Transitioning from insurance-based care into Direct Care isn’t a walk in the park. Cutting the red tape is not necessarily about EASE.

It’s about AFFECT. Affecting patients lives, affecting our own lives as doctors and business owners. It’s about having a stake in the work we do, and being rewarded for doing it well.

Here’s an earnest email from Mary Wulfers. She’s helping her husband run his newly opened Direct Care practice.

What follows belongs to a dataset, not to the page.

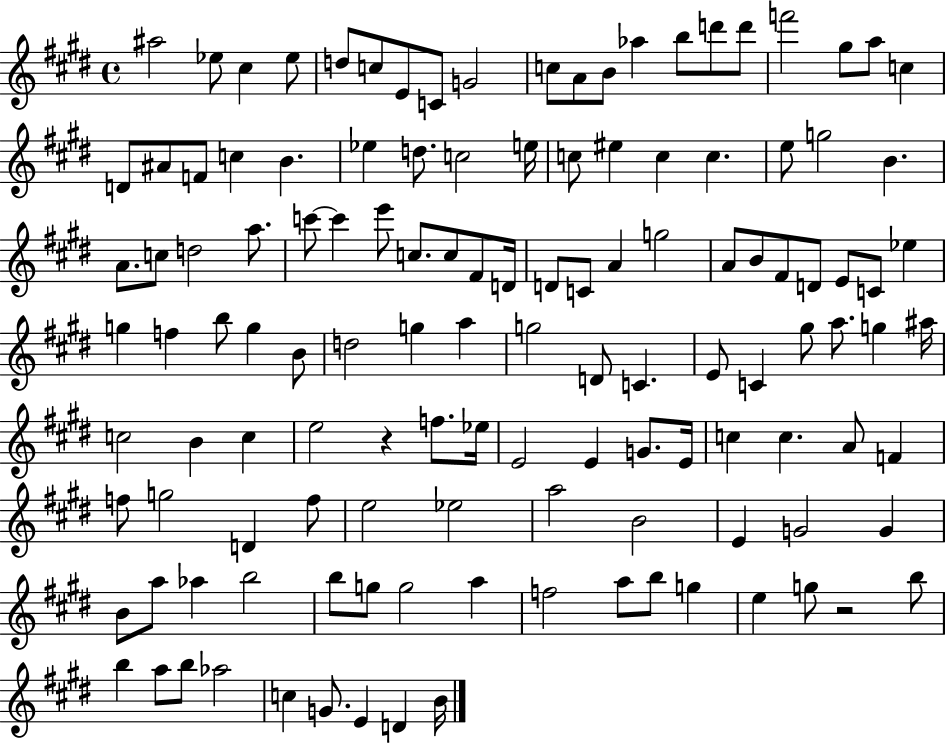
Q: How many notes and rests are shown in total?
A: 126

We’re really busy. Mike has about 130 new patients and they all seem to want a physical right away, so he’s really really busy. Around 170-180 patients transferred from his old practice, and we’ve obtained and built all those charts as well. I continue to work full time at the office and then some out of necessity, which is just fine. Younger families are really starting to sign up; it’s almost like the word has just gotten out. Last Monday was quite a day, had 17 new patients sign up and our nurse was out sick that day, too.This has been a very rewarding experience in so many ways but a lot of work, too. Out [sic] new website should be online soon, can’t wait to see it. Mike is really happy about some of the new patients he’s getting, some with poor insurance who are so excited to have a good doctor for the first time. How can you beat that?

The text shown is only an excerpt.